Le fromage naît d’un pecorino — un fromage de brebis à pâte pressée — laissé à l’air libre afin que des mouches du fromage, la Piophila casei, y pondent. Les larves consomment et digèrent la pâte, la rendant molle, coulant, au goût décrit par certains comme « de pourriture maîtrisée ». Cette transformation biologique, voulue et maîtrisée par plusieurs générations d’artisans sardes, est interprétée par les autorités comme une source potentielle de contamination.
En 2005, la réglementation de l’Union européenne a interdit la commercialisation du produit sous sa forme vivante. Depuis, le casu marzu vit dans une zone grise : protégé par la mémoire collective et par le marché noir, condamné par la loi et paradoxalement recherché par des gastronomes et des touristes. Le Livre Guinness, qui l’a qualifié une fois de « fromage le plus dangereux du monde », et des reportages internationaux ont contribué à sa célébrité et à sa stigmatisation.
Illustration concrète : Maria, productrice d’un village de l’intérieur sarde, a appris la technique de sa mère. Elle choisit les laits, surveille les mois d’affinage et accepte, pour les initiés, d’ouvrir la tomme à la cuillère. Son savoir-faire échappe aux fiches techniques des services vétérinaires. Lorsqu’un inspecteur passe, elle range; lorsqu’un groupe d’amateurs arrive, elle partage. Le casu marzu devient, par ce geste, un révélateur : la tension entre pratique communautaire et norme sanitaire nationale.
La question n’est pas seulement technique. Elle interroge la priorité donnée aux risques dans un monde où la réglementation alimentaire a gagné en rigueur depuis les crises des années 1990. Ici, la tradition demande une exception ; l’État invoque la protection collective. La balance entre droits culturels et sécurité de la population est fragile — et souvent tranchée par l’interdiction plutôt que par le dialogue.
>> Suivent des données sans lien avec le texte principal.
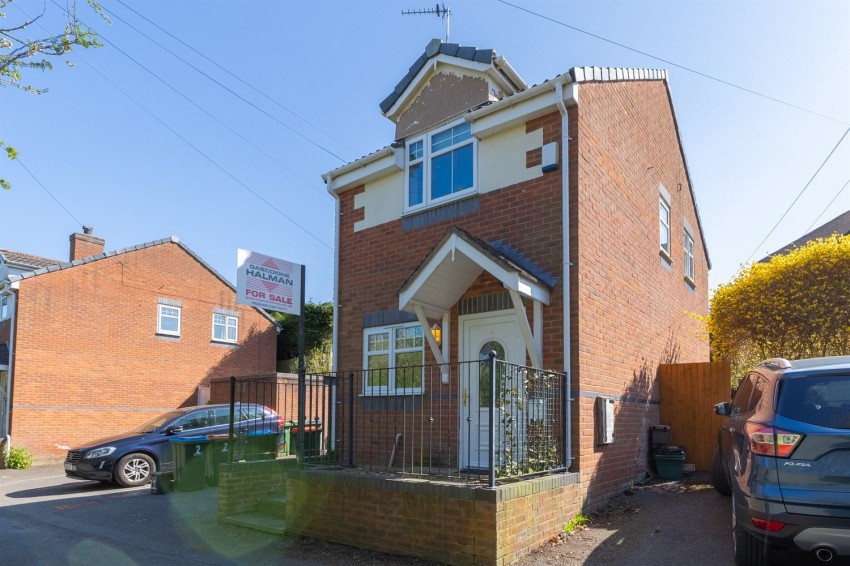 Images for Hawthorne Road, Frodsham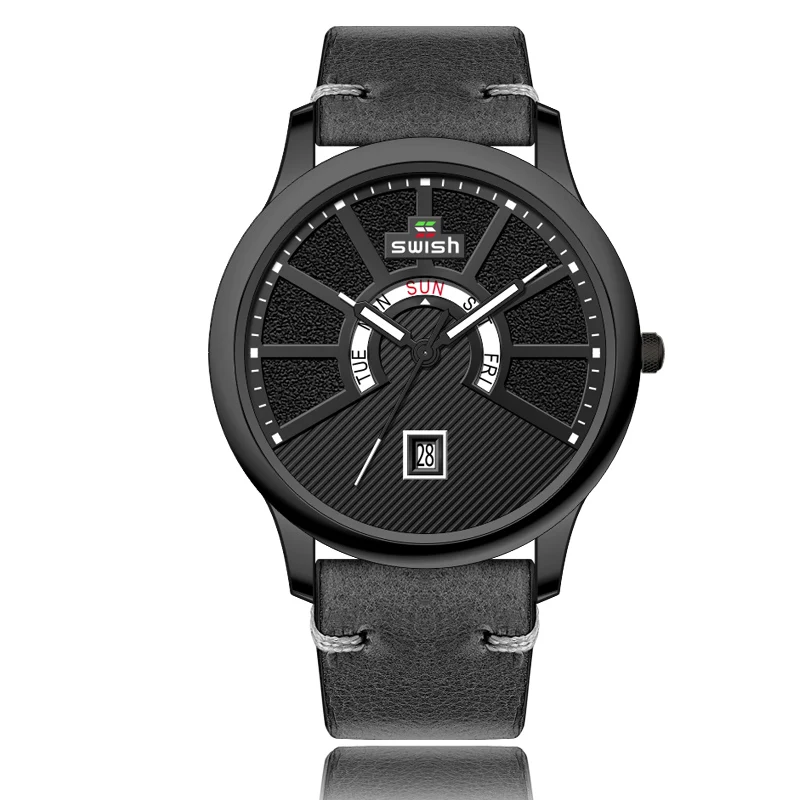 SW-0040G-B6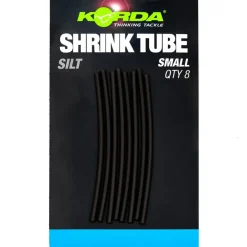 Korda Safe Zone Fishing Shrink Tube- Terminal Tackle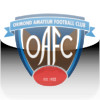 Ormond Amateur Football Club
En synthèse : connaître le casu marzu oblige à repenser la façon dont s’articulent tradition et sécurité sanitaire, et montre combien les normes publiques peuvent aller à l’encontre d’une mémoire gustative vivante.

Ce que la fabrication du fromage aux larves révèle sur la tradition sarde et la protection du patrimoine
La fabrication du casu marzu est enracinée dans des pratiques pastorales anciennes. Elle s’inscrit dans un modèle économique insulaire : petits troupeaux, fromages de saison, affinement au rythme des maisons et des granges. Ces gestes ont une fonction sociale — partager une tomme rituelle après la transhumance, accueillir un ami, marquer une fête — bien plus qu’une logique industrielle.
Sur le plan linguistique, le fromage porte plusieurs noms : casu marzu (fromage « pourri » en sarde), casu modde, casu cundhidu, ou encore en Corse casgiu merzu. Cette multiplicité toponymique témoigne d’une diffusion régionale et d’une appropriation locale du produit.
Au-delà de l’étiquette, la pratique relève d’un savoir-faire précis : choix des laits, température et humidité de l’affinage, moment où l’on laisse accéder la mouche, gestion du degré de percement de la croûte. Ces paramètres sont transmis oralement. Dans le village fictif de Maria, la transmission intergénérationnelle se fait lors des soirées d’affinage, où la fille observe, note, goûte. C’est un geste qui scelle l’appartenance à une communauté gastronomique bien définie.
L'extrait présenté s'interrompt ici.